A writer declared that he had himself been frightened nearly into a fit by one of these “noiseless phantoms.” Was it not better that a few burglars should escape than that respectable citizens with heart affections should be startled into the grave? Medical practitioners have not, I believe, been able to satisfactorily trace increased mortality to the policemen’s noiseless boots. They have materially discouraged the burglar.
Experience quickly proved that the policeman in plain clothes was a remarkably valuable officer in the fight with crime. He justified his existence, and at last found a powerful friend to gain him the sympathy and admiration of the public.
Charles Dickens was the great populariser of the British detective. He knew the “force,” and was on terms of great friendship with the celebrated Inspector Field, who now and again piloted the novelist, intent on studying the lurid side of human nature, in the most criminal haunts of the East End.
Field was a charming man —to all save criminals—with a special weakness for children and gardening.

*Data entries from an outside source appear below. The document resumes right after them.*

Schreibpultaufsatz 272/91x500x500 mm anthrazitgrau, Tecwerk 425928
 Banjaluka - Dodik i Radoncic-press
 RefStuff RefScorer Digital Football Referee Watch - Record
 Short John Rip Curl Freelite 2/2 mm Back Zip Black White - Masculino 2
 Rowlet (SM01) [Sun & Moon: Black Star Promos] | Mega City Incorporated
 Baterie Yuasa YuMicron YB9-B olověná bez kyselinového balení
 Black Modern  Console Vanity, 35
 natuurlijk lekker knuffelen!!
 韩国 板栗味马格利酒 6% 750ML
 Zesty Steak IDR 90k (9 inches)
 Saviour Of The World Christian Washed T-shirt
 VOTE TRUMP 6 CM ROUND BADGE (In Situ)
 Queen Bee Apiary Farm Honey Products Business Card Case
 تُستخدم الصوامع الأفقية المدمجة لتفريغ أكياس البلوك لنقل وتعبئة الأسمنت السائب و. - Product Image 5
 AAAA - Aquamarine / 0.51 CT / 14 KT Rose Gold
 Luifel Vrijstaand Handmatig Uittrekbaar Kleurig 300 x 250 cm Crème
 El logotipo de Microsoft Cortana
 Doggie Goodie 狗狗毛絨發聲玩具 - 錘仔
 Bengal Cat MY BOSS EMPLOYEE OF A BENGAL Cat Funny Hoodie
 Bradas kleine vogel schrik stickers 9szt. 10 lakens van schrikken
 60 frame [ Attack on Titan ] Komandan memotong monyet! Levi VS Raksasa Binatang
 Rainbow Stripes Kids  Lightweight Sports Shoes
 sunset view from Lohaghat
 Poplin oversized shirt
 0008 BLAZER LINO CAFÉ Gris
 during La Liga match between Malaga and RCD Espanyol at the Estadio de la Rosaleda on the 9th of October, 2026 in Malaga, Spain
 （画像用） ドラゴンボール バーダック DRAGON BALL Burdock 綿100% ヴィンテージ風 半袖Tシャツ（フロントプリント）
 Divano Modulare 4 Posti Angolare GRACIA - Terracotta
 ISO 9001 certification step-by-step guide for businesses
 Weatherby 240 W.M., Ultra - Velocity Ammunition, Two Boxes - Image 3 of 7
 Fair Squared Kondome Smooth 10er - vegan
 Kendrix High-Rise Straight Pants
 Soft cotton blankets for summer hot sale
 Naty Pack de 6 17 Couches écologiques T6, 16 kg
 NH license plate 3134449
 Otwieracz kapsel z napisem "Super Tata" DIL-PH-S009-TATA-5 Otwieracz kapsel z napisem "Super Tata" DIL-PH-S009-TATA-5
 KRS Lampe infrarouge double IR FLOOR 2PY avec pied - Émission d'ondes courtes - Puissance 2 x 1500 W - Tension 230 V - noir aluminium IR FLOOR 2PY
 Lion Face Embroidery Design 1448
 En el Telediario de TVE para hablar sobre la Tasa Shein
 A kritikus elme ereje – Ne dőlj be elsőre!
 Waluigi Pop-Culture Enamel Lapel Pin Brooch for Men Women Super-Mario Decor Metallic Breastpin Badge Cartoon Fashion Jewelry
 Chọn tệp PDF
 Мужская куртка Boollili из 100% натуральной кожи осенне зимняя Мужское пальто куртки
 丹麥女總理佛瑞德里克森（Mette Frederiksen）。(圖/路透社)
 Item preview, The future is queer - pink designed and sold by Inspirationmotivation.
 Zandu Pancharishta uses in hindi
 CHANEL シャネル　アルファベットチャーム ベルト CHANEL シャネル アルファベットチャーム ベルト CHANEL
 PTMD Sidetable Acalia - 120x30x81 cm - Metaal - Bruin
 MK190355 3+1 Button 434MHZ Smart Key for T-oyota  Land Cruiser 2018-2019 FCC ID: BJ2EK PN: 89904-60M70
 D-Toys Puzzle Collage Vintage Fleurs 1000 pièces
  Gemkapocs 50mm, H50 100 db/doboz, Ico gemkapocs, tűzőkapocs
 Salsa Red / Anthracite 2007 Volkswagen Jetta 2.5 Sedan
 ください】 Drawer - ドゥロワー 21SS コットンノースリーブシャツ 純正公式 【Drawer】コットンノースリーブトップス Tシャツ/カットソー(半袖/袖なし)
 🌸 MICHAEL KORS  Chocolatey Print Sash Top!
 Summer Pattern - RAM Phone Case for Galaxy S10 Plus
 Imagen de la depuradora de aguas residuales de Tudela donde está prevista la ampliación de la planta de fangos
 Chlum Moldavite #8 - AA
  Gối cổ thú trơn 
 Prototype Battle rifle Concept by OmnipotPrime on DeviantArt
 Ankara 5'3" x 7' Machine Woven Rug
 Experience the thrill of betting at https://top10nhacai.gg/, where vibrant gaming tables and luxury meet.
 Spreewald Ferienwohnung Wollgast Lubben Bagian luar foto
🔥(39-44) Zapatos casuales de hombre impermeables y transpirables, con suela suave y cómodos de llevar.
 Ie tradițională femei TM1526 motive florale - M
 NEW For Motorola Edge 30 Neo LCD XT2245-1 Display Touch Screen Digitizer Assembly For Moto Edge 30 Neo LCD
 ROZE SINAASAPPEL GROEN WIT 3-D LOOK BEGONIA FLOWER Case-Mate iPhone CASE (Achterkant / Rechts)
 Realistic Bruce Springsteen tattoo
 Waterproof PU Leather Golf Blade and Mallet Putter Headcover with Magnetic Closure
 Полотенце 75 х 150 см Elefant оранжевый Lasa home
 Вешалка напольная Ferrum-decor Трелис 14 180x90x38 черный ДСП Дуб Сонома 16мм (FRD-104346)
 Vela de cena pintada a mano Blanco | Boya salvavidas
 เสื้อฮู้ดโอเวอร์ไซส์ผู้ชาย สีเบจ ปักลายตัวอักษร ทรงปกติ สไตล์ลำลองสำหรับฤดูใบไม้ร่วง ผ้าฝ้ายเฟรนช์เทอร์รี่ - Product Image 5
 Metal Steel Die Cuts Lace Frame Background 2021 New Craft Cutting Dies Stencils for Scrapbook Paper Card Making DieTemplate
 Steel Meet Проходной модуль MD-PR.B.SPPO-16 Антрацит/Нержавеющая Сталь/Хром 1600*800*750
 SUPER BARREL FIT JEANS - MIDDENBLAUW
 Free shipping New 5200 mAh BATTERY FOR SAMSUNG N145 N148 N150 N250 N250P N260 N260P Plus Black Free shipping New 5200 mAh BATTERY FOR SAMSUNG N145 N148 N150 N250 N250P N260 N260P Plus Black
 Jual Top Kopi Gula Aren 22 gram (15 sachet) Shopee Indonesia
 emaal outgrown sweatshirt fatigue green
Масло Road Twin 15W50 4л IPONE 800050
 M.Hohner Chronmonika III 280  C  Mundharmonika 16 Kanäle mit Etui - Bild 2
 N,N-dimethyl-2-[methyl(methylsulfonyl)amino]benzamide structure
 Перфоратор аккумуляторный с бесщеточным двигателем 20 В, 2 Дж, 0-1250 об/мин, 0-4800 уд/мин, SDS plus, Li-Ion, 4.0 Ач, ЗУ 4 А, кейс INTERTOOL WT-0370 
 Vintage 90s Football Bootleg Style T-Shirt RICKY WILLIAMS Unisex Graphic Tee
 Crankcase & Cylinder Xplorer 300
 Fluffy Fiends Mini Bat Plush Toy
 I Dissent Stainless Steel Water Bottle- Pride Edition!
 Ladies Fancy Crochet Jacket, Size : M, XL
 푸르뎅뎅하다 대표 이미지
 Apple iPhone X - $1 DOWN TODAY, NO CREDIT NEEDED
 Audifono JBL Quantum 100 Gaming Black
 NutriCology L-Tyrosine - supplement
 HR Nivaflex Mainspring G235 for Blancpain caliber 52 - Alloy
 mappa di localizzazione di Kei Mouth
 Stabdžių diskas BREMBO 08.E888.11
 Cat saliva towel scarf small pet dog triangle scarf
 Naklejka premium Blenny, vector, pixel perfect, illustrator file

His appearance was remarkably deceptive, suggesting rather bucolic simplicity, but no one was acuter or more inexorable when duty called him.
Among his companions was the renowned Whicher, “who never failed, ’ ’ but who was doomed to mortifying disaster at last, and to die of a broken heart, at the abuse poured on him in the Press, because he denounced a pretty criminal to whom he could not bring home her deed. Years later, the criminal confessed, and admitted that Whicher had been right in every detail of his theory as to how the murder had been committed.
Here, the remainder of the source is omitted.